■ Task item:
Only the pictures stay out; every record is to be quoted exactly.

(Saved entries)

+--

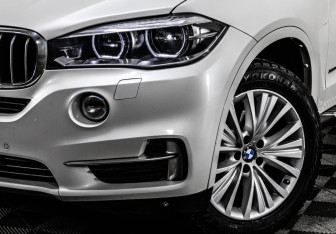 Подержанный автомобиль BMW X5 2016 года (10 фото)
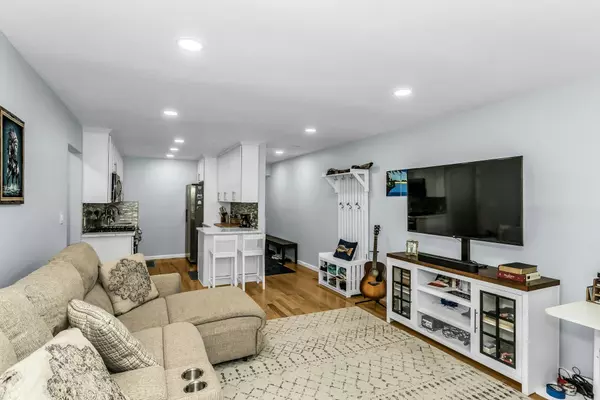 Westbury, NY 11590,324 Post AVE #5-J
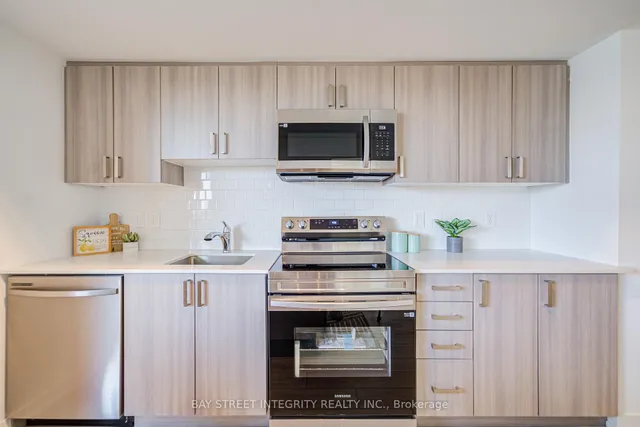 Additional image 18 of 556 Marlee Ave Unit 304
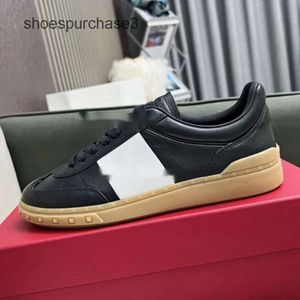 Niski desek Rivet Szampan Trainer Trainer Trainer Sports Gold w kolorze złota buty sznurki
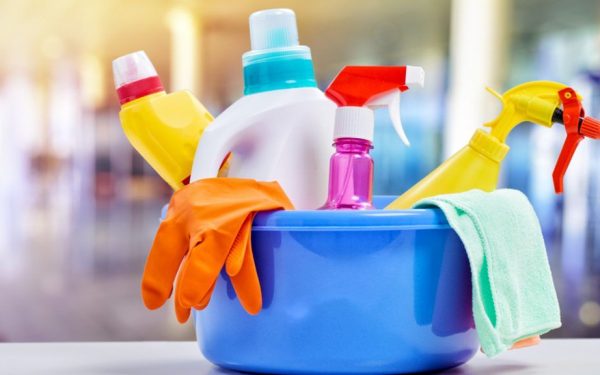 Substanța-șoc din curățenie: Parkinson cu 500% risc mai mare!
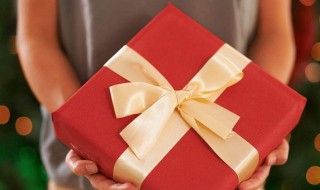 女性朋友生日送什么礼物好（异性女性朋友生日送什么礼物好）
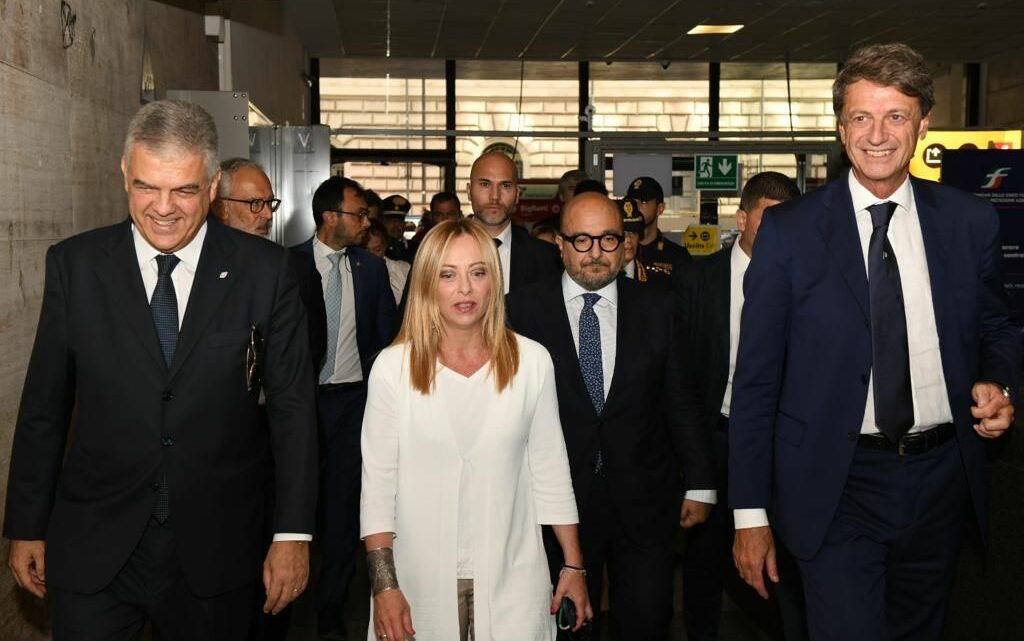 Treno Roma-Pompei, Meloni e Sangiuliano inaugurano il Frecciarossa Treno Roma-Pompei, Meloni e Sangiuliano inaugurano il Frecciarossa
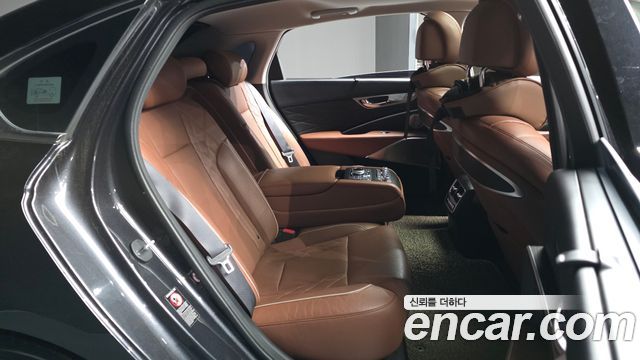 Kia K9 2019 — photo 12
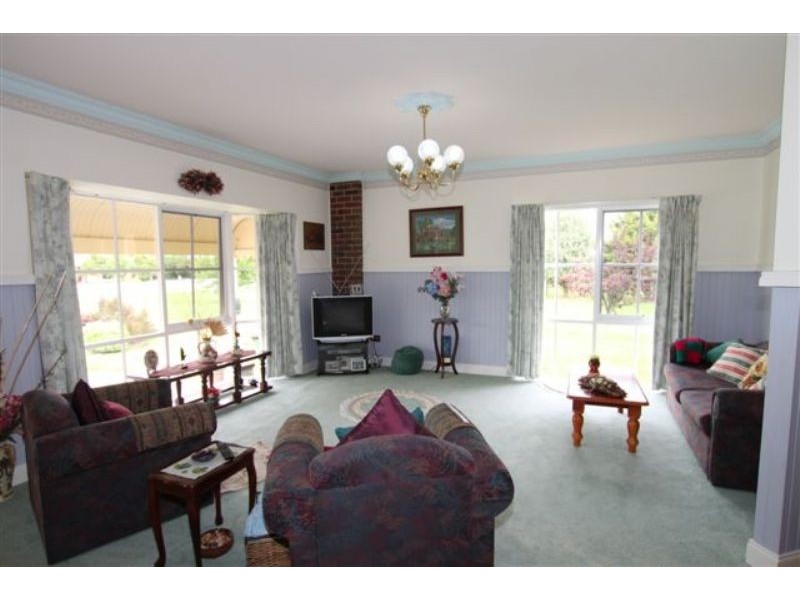 Caldermeade VIC 3984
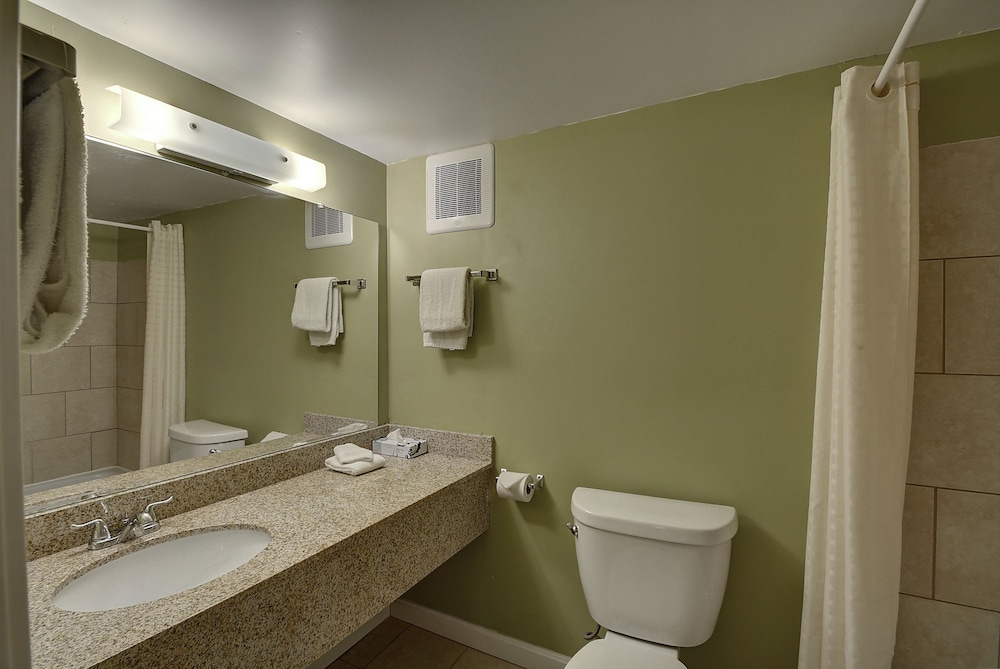 Colonial Motel And Spa 25/60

+--

■ Written reply:
 Подержанный автомобиль BMW X5 2016 года (10 фото)
 Westbury, NY 11590,324 Post AVE #5-J
 Additional image 18 of 556 Marlee Ave Unit 304
 Niski desek Rivet Szampan Trainer Trainer Trainer Sports Gold w kolorze złota buty sznurki
 Substanța-șoc din curățenie: Parkinson cu 500% risc mai mare!
 女性朋友生日送什么礼物好（异性女性朋友生日送什么礼物好）
 Treno Roma-Pompei, Meloni e Sangiuliano inaugurano il Frecciarossa Treno Roma-Pompei, Meloni e Sangiuliano inaugurano il Frecciarossa
 Kia K9 2019 — photo 12
 Caldermeade VIC 3984
 Colonial Motel And Spa 25/60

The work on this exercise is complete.